31/01/17 à 10:21 - Mise à jour à 01/02/17 à 11:30

Source: Trends-Tendances

Les chasseurs immobiliers ne percent pas sur le marché immobilier belge. Les candidats-acquéreurs estimant le plus souvent pouvoir trouver le bien de leur rêve sans eux. La réorientation vers les immeubles de rapport sera-t-elle leur planche de salut ? La plus-value des professionnels et les commissions supérieures laissent en tout cas entrevoir davantage de possibilités sur ce segment. Même si cela reste marginal...

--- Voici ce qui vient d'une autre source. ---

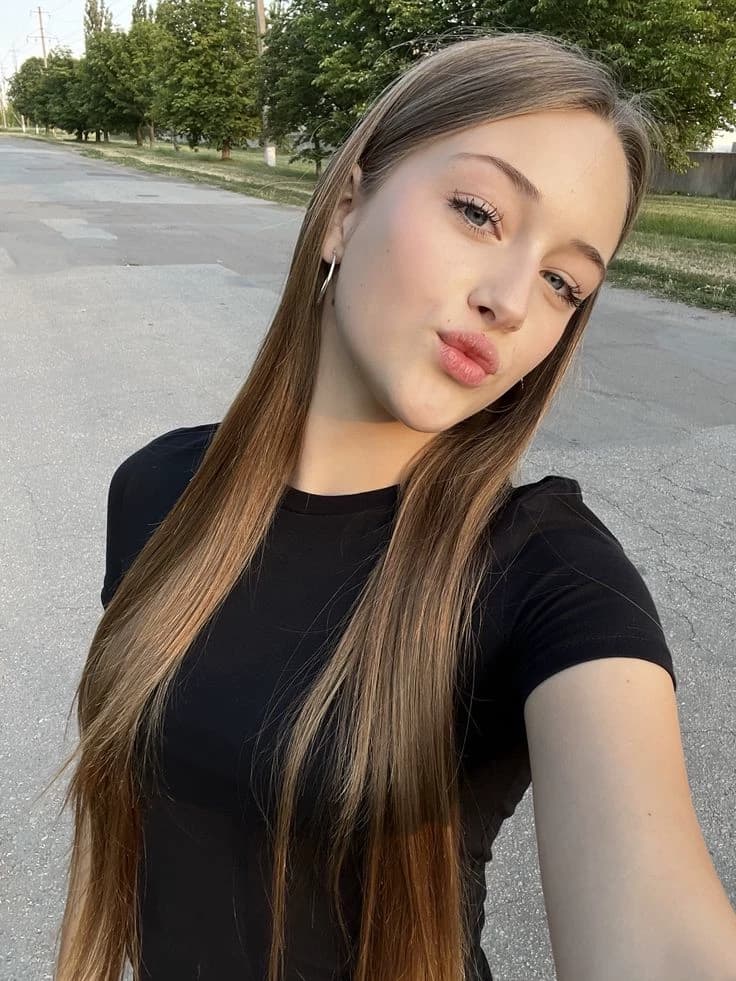 Юни thumbnail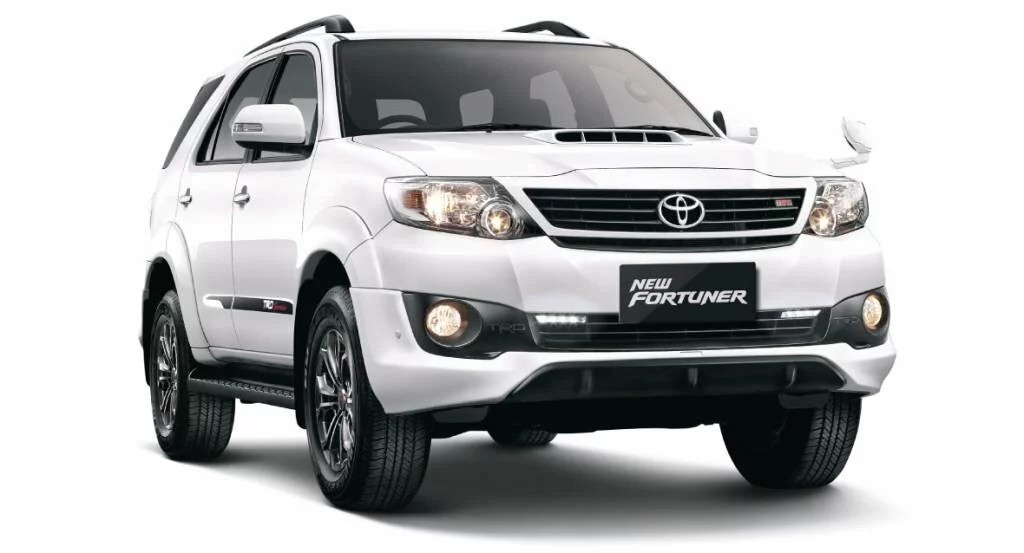 2014 Toyota Fortuner TRD Front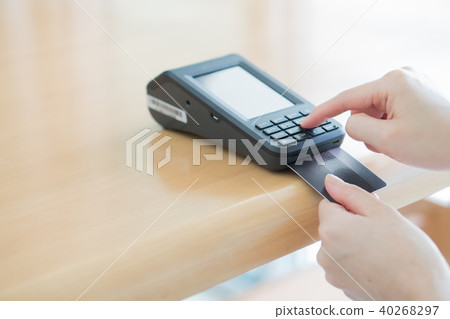 Close-up of a person using a credit card payment s 40268297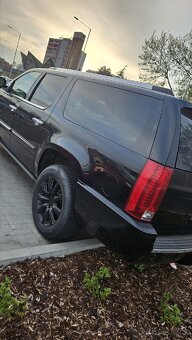 Cadillac Escalade ESV - 4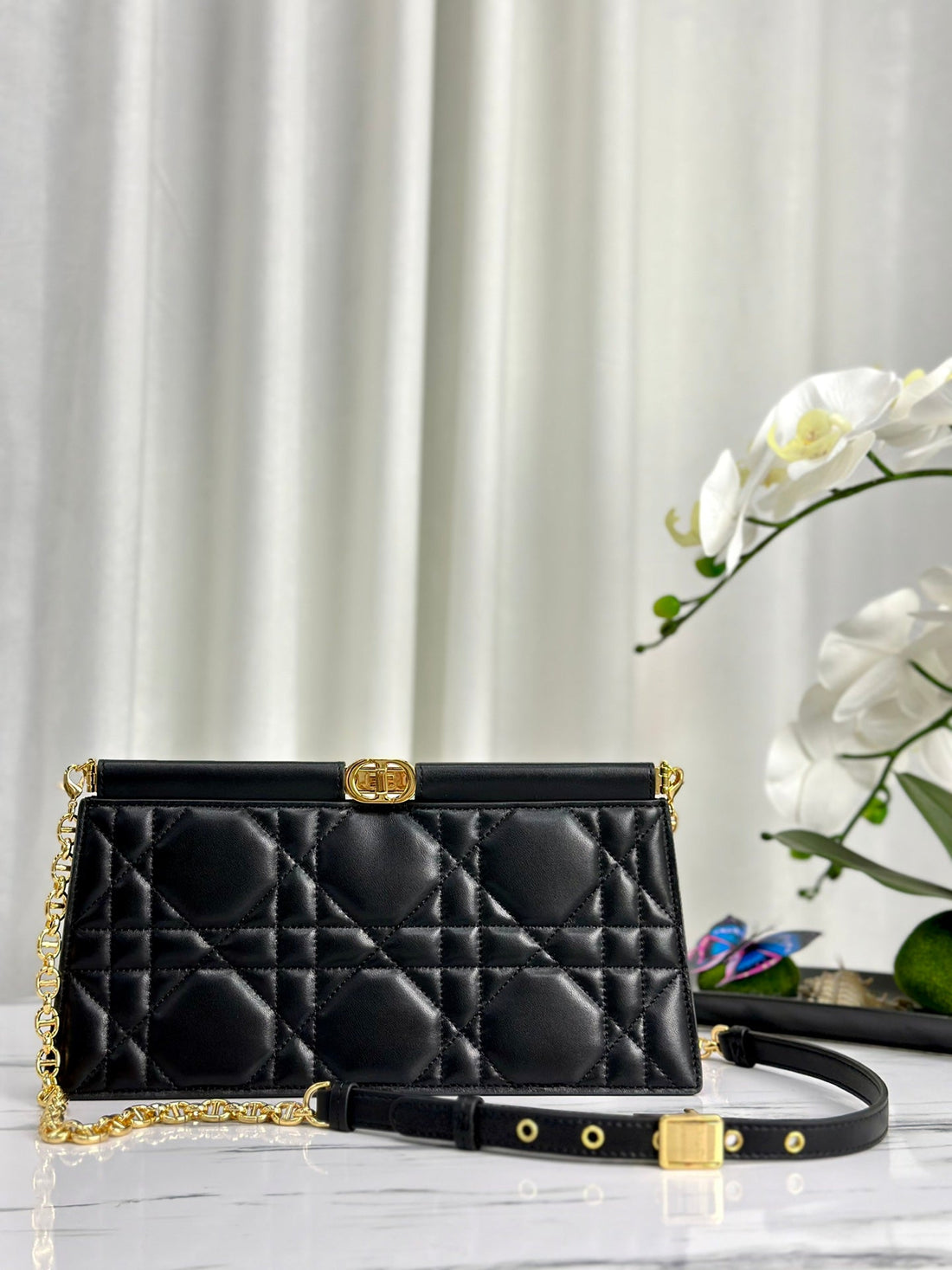 CHAIN CLUTCH 27 BAG IN BLACK LAMBSKIN Luxe Carry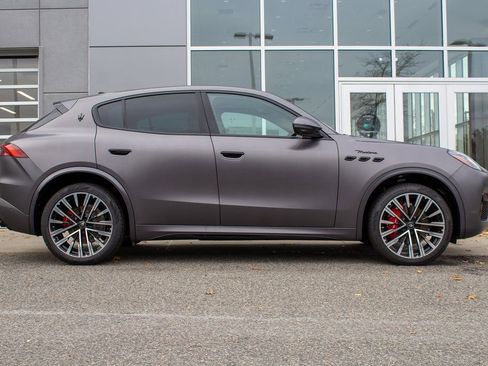 New 2025 Maserati Grecale Modena image 4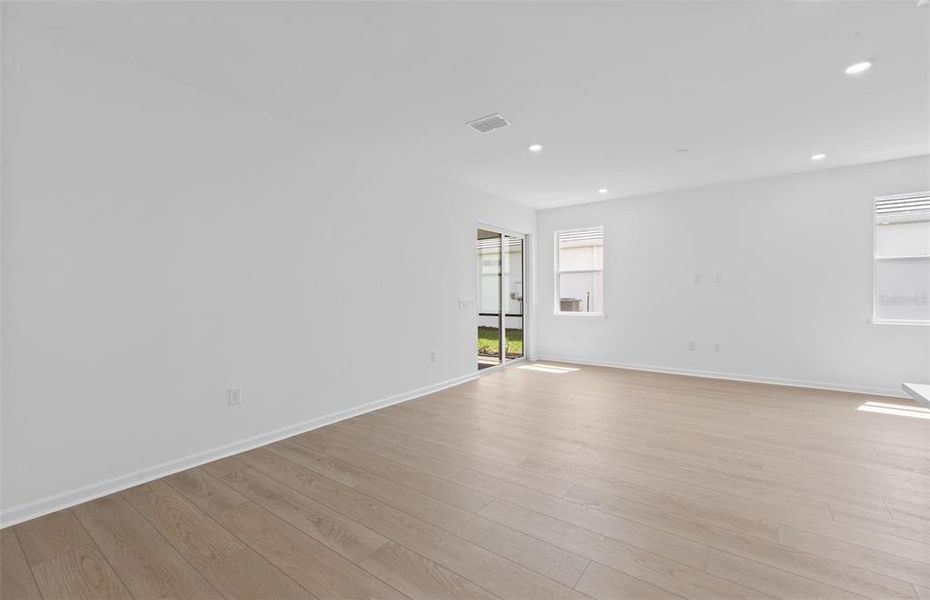 Spacious, unfurnished interior of a new home in , Bradenton (Image 22). Spacious, unfurnished interior of a new home in , Bradenton (Image 22).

Le Belge n'est pas friand de chasse immobilière. Ce n'est pas dans sa mentalité. Contrairement aux Anglo-Saxons, aux Français ou aux Allemands. Faire appel à un professionnel de l'immobilier pour le conseiller, l'orienter et le défendre face à un agent immobilier qui roule pour le vendeur n'est pas dans son ADN. Il a tendance à vouloir garder la main et estime absurde de rémunérer quelqu'un pour effectuer une mission qu'il peut réaliser lui-même. Le faible nombre de bureaux de chasseurs immobiliers qui ont percé sur le marché belge atteste d'ailleurs de cette tendance. Property Hunter, fondé en 2008, est le bureau belge le plus actif sur le segment de l'habitation pour occupation propre. L'un et l'autre acteur plus modeste vivote en périphérie. Mais cela reste marginal. Le terrain d'action de ces chasseurs est, de plus, réduit : il se limite uniquement à Bruxelles, s'étendant parfois aux deux Brabant. Et encore, uniquement dans les communes aisées.